Dabei schien das Duo zunächst eine vielversprechende Kombination zu bilden. Gensheimer, eine lebende Legende bei den Löwen, übernahm nach seinem Rücktritt vom aktiven Sport direkt die Sportchef-Position. Ein Schritt, der nun als zu früh für beide Seiten gewertet wird. Die BILD-Zeitung berichtet, dass Gensheimer im Herbst 2024 von den Mannheimer Klub-Gremien mit der Suche nach einem Nachfolger für den damaligen Trainer Sebastian Hinze beauftragt wurde – eine Aufgabe, die er offenbar verabsah.

Statt einer Shortlist, die innerhalb von vier Wochen vorgelegt werden sollte, soll Gensheimer sich vehement für eine Weiterbeschäftigung Hinzes eingesetzt haben. Ein Vorgehen, das intern offenbar auf wenig Gegenliebe stieß. Die Löwen stehen somit vor einem Neuanfang, während die Suche nach einem neuen sportlichen Leiter in vollem Gange ist.

Maik machulla übernimmt kommissarisch: kann er die wende bringen?

Maik machulla übernimmt kommissarisch: kann er die wende bringen?

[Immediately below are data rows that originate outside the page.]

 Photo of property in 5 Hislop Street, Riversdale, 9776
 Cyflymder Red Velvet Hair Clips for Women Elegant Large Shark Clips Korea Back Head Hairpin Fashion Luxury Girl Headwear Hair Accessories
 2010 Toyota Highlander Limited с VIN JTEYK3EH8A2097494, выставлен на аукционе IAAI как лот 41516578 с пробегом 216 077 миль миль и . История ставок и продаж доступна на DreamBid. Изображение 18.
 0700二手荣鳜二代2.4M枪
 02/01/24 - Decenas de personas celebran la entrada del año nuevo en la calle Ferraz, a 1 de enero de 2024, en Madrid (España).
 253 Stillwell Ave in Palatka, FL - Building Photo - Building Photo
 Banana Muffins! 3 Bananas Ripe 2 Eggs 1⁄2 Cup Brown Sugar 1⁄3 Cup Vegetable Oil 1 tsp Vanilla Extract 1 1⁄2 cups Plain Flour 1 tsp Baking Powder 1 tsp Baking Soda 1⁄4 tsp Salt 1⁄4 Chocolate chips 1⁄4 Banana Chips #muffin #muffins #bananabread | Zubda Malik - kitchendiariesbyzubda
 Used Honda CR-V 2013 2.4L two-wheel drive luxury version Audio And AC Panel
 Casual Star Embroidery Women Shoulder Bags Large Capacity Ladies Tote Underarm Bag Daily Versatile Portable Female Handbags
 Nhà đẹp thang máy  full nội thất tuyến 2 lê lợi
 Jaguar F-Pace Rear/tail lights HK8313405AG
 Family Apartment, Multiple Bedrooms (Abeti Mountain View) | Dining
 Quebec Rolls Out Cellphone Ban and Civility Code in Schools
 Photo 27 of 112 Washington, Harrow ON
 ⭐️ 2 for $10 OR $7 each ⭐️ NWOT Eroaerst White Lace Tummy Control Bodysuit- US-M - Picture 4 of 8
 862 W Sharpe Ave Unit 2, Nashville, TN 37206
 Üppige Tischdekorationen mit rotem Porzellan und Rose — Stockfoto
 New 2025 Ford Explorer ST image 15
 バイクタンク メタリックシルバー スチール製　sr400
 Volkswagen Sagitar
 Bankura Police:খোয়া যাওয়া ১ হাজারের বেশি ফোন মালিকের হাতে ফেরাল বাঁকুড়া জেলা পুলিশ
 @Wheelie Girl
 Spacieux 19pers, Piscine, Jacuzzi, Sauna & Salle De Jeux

Die Situation ist angespannt. Löwen-Boss Holger Bachert sprach am Rande der Niederlage gegen den HC Erlangen von der Notwendigkeit, „mit einem klaren Ziel, einer klaren Idee dieses Thema aufzugreifen“. Das Potenzial sei da, aber die Umsetzung hakt. Trainer Maik Machulla hat die Sportchef-Aufgaben vorerst kommissarisch übernommen – eine Herkulesaufgabe, angesichts der Herausforderungen, vor denen der Verein steht. Ob Machulla die Wende bringen kann, bleibt abzuwarten. Der Druck ist jedenfalls enorm.

Die Rhein-Neckar Löwen stehen vor der größten Herausforderung ihrer jüngeren Geschichte. Das Ende der Gensheimer-Ära markiert einen Wendepunkt, dessen Folgen noch lange nachwirken werden.